EU trade chief says WTO talks in trouble

WTO talks were in peril Friday with the EU trade chief saying they were "going backwards," and cotton, banana and sugar growing nations threatening to reject any trade deal that failed to protect their farmers. "It is hard to see where progress can be achieved in Hong Kong if the talks continue in this direction," EU Trade Commissioner Peter Mandelson said. "The level of ambition, if anything, is going backwards."

The Group of 77 African, Caribbean and Pacific countries, many of whose populations are subsistence farmers relying on crops such as sugar, cotton and bananas, demanded safeguards for commodity growers and continued preferential access to European markets.

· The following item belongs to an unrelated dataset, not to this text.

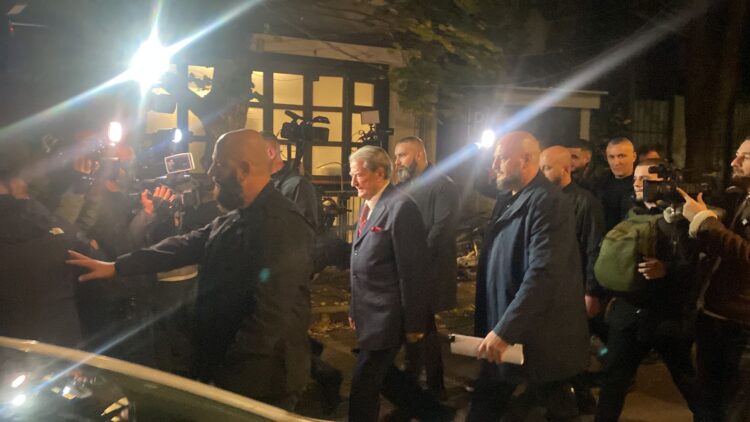 Protesta e opozitës, Berisha del nga banesa dhe i drejtohet Kryeministrisë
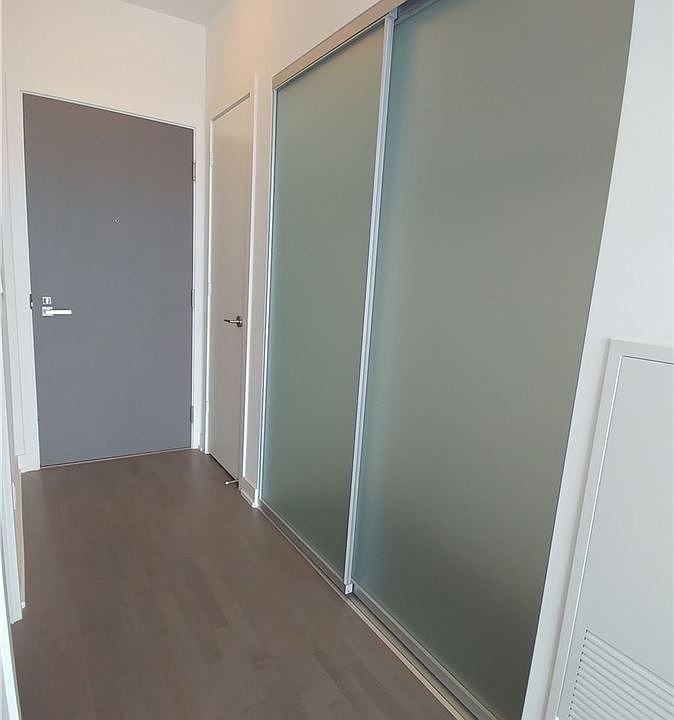 1st image of 501 Saint Clair Ave W #809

Their objections were the latest blow to the WTO talks that have made barely any progress toward agreeing how much to cut trade barriers in any of the three main areas: agriculture, manufactured goods and services.

Since the 149-nation WTO operates by consensus, the controversy could undermine the outcome of the six-day gathering that wraps up Sunday. "We will not be a party to any consensus that that does not recognize our right to grow bananas," said Charles Savarin, trade minister of Dominica. "We must preserve our traditional access to the EU markets."

The European Union's system of tariffs and quotas favors Caribbean and African banana producers over large-scale growers in Latin America, preferential treatment the WTO has ruled violates world trade rules.

Caribbean and African countries say ending the preferences could destroy their domestic banana industries, which are mostly small-scale family farms. But Honduras has threatened to reject any global trade deal that preserved the preferences.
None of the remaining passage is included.